[Items from a data source]

******************************

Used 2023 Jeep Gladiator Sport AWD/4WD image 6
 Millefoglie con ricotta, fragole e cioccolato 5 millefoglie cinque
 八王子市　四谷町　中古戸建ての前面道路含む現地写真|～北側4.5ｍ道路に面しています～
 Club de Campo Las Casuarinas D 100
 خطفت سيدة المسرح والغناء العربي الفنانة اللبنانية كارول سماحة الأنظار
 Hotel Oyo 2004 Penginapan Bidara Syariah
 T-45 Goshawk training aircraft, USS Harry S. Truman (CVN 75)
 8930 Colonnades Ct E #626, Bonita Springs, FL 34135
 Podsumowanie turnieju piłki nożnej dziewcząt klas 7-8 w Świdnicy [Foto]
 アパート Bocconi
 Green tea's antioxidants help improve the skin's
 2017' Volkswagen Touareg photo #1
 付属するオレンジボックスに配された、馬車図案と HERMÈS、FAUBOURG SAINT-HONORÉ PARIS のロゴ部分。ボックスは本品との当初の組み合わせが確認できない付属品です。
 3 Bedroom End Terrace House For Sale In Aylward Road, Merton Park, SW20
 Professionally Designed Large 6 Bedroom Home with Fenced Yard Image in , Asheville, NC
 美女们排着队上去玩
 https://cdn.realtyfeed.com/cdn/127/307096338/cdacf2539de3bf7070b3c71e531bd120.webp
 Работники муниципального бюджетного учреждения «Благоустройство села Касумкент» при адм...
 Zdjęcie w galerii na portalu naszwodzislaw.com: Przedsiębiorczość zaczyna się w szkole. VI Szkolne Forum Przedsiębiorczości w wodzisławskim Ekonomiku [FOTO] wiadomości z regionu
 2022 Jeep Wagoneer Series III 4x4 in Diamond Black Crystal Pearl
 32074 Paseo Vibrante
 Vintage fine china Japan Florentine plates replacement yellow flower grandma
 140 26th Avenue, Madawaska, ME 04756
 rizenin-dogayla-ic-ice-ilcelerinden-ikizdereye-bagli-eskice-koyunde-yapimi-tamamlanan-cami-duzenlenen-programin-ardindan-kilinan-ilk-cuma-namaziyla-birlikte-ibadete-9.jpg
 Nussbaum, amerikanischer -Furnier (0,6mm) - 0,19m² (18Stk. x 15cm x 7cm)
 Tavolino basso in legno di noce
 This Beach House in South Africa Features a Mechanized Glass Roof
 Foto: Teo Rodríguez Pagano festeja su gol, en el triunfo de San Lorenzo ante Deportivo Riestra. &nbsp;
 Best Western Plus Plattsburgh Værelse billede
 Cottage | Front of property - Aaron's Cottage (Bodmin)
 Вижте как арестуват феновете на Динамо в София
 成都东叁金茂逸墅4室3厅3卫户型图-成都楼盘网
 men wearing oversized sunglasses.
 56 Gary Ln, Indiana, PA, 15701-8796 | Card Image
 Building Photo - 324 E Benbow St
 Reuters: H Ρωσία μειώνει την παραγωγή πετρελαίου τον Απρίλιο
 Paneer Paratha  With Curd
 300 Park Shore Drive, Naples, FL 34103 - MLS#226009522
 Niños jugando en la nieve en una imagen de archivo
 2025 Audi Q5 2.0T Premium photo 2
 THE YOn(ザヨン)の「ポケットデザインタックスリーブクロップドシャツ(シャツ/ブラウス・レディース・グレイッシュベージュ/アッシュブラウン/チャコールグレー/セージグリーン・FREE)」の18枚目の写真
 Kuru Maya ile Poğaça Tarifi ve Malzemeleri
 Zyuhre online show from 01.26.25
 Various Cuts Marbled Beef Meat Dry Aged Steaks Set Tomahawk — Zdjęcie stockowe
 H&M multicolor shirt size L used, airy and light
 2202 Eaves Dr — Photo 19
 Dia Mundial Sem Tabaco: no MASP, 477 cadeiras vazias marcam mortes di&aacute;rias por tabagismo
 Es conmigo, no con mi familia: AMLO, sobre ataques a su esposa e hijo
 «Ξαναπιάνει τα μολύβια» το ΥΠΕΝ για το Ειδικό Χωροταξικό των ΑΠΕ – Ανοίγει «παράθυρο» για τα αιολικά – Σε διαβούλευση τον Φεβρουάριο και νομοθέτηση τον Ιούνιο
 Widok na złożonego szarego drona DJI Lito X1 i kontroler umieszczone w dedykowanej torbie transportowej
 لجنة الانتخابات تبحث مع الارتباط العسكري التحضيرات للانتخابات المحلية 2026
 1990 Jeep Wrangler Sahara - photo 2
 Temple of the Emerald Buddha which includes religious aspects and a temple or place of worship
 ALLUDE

******************************

Your objective – The answer should consist solely of the lines from the first line above through the one with "付属するオレンジボックスに配された、馬車図案と HERMÈS、FAUBOURG SAINT-HONORÉ", both included, repeated exactly.

Your solution –
Used 2023 Jeep Gladiator Sport AWD/4WD image 6
 Millefoglie con ricotta, fragole e cioccolato 5 millefoglie cinque
 八王子市　四谷町　中古戸建ての前面道路含む現地写真|～北側4.5ｍ道路に面しています～
 Club de Campo Las Casuarinas D 100
 خطفت سيدة المسرح والغناء العربي الفنانة اللبنانية كارول سماحة الأنظار
 Hotel Oyo 2004 Penginapan Bidara Syariah
 T-45 Goshawk training aircraft, USS Harry S. Truman (CVN 75)
 8930 Colonnades Ct E #626, Bonita Springs, FL 34135
 Podsumowanie turnieju piłki nożnej dziewcząt klas 7-8 w Świdnicy [Foto]
 アパート Bocconi
 Green tea's antioxidants help improve the skin's
 2017' Volkswagen Touareg photo #1
 付属するオレンジボックスに配された、馬車図案と HERMÈS、FAUBOURG SAINT-HONORÉ PARIS のロゴ部分。ボックスは本品との当初の組み合わせが確認できない付属品です。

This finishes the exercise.